Par exemple, en l'absence d'écrit, un contrat de travail est présumé être un contrat à durée indéterminée à temps plein. L'employeur peut néanmoins apporter la preuve que la relation de travail était à temps partiel. Il n'est en revanche pas admis à démontrer que cette même relation était à durée déterminée.
Selon l'article L.7112-1 (anciennement article L.761-2) du Code de travail, "toute convention par laquelle une entreprise de presse s'assure, moyennant rémunération, le concours d'un journaliste professionnel est présumée être un contrat de travail. Cette présomption subsiste quels que soient le mode et le montant de la rémunération ainsi que la qualification donnée à la convention par les parties".
Cette disposition fait donc bénéficier aux journalistes professionnels et assimilés (fait connu) d'une présomption de salariat (conséquence du fait connu).
La Cour d'appel de Paris rappelle que "ni la qualité de pigiste, c'est-à-dire rémunéré forfaitairement à la pige, ni le montant de la rémunération, ni le volume du travail confié, ni la variation dans le temps de ce volume n'ont d'incidence sur cette présomption" (C.A. Paris 18 mai 2010)
Cette présomption est toutefois réfragable.
Il appartient donc, non pas au journaliste de démontrer qu'il est salarié mais, s'il le conteste, à son cocontractant, c'est-à-dire à l'entreprise qui a (ou a eu) recours à ses services, d'apporter la preuve que ce journaliste n'est pas salarié.
Deux arrêts de la Cour de cassation, fournissent une bonne illustration de cette règle :
Dans une première décision (Cass. 11 mars 2008, n°06-45568) la Cour de cassation examinait le recours formé par un photographe pigiste, journaliste professionnel. Ce photographe avait été payé en droits d'auteur (et non pas par des salaires) pendant une quinzaine d'années par une Société de presse.

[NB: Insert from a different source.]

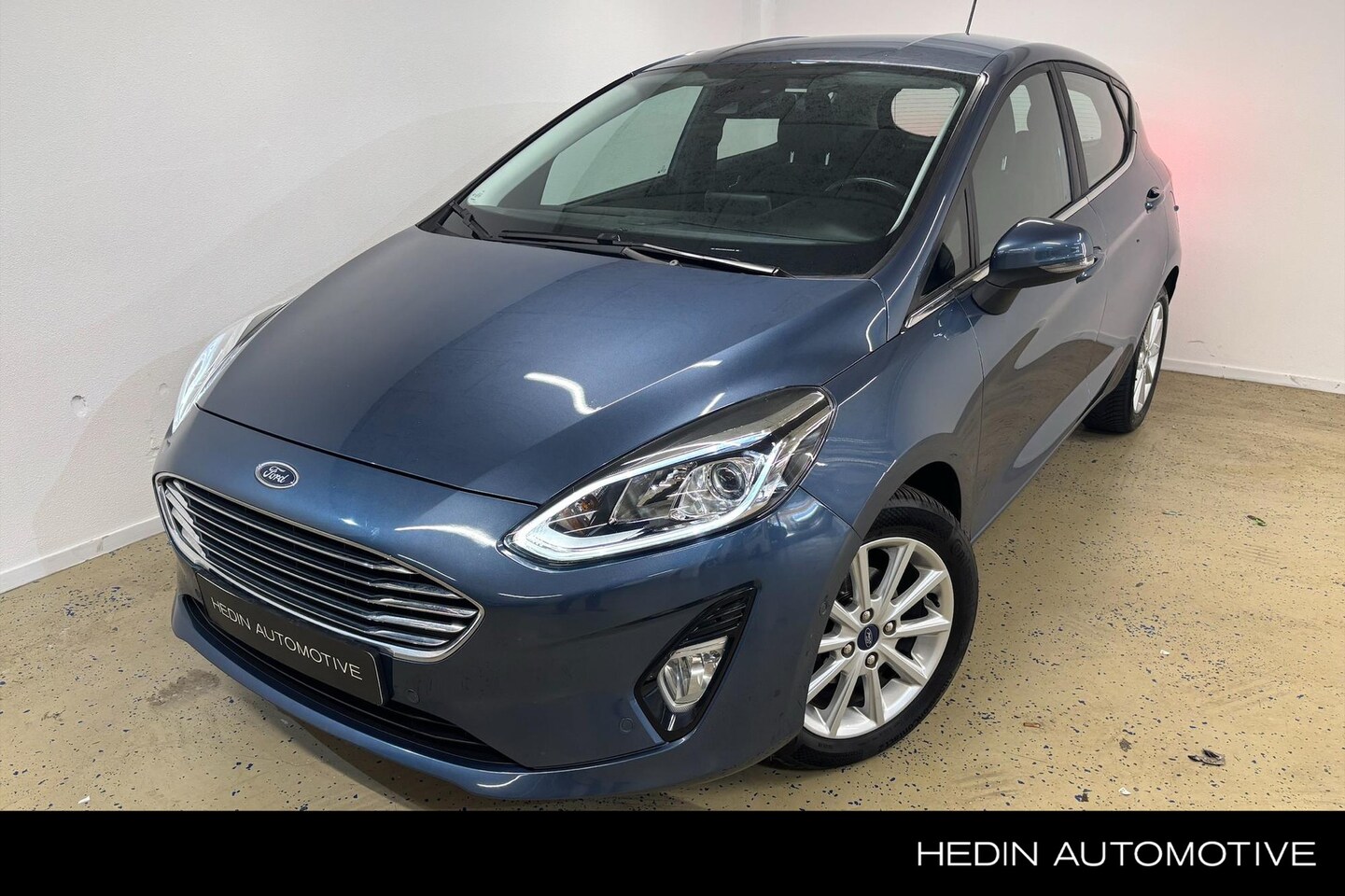 Ford Fiesta - 1.0 EcoBoost Titanium Navigatie | Voorruitverwarming - AutoWereld.nl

Après la rupture des relations professionnelles, il avait saisi la juridiction du travail estimant être en fait salarié de cette Société.
La Cour d'appel d'Aix-en-Provence l'avait débouté de ses demandes au motif que s'il démontrait effectivement être journaliste photographe professionnel, il n'apportait pas pour autant la preuve qu'il était salarié de la Société de presse.
La Cour de cassation, logiquement, réforme cette décision en rappelant que tout journaliste est présumé être employé en qualité de salarié et que c'est donc à l'entreprise d'apporter la preuve qu'elle n'était pas liée à ce journaliste photographe par un contrat de travail.
Dans une seconde affaire (Cass. soc. 12 mars 2008, n°07-41816) la Cour de cassation, censure également la décision rendue par une Cour d'appel qui, après avoir rappelé que la présomption de salariat établie par l'article L.761-2 paragraphe 4 du Code du travail (devenu article L.7112-1 du Code du travail) peut être renversée par la preuve contraire apportée par l'employeur, reprochait à un pigiste de ne pas établir la réalité de ses prétentions, notamment quant aux directives sur le choix des sujets, qu'il soutenait avoir reçues de la Société de presse.
La Cour de cassation relève la contradiction de motifs et, après avoir rappelé que la fourniture régulière de travail à un pigiste fait de lui un collaborateur régulier qui doit bénéficier à ce titre des dispositions légales applicables aux journalistes professionnels (et donc de la présomption de salariat), elle reproche à la Cour d'appel d'avoir inversé la charge de la preuve.
Le journaliste, en l'espèce pigiste régulier, devait en effet bénéficier de la présomption de salariat et il appartenait à l'entreprise d'apporter la preuve que ce journaliste pigiste régulier n'était pas salarié, c'est-à-dire essentiellement qu'il n'existait pas de lien de subordination.
La charge (ou encore le fardeau) de la preuve du salariat ne pèse donc pas sur le journaliste ou assimilé, même pigiste régulier.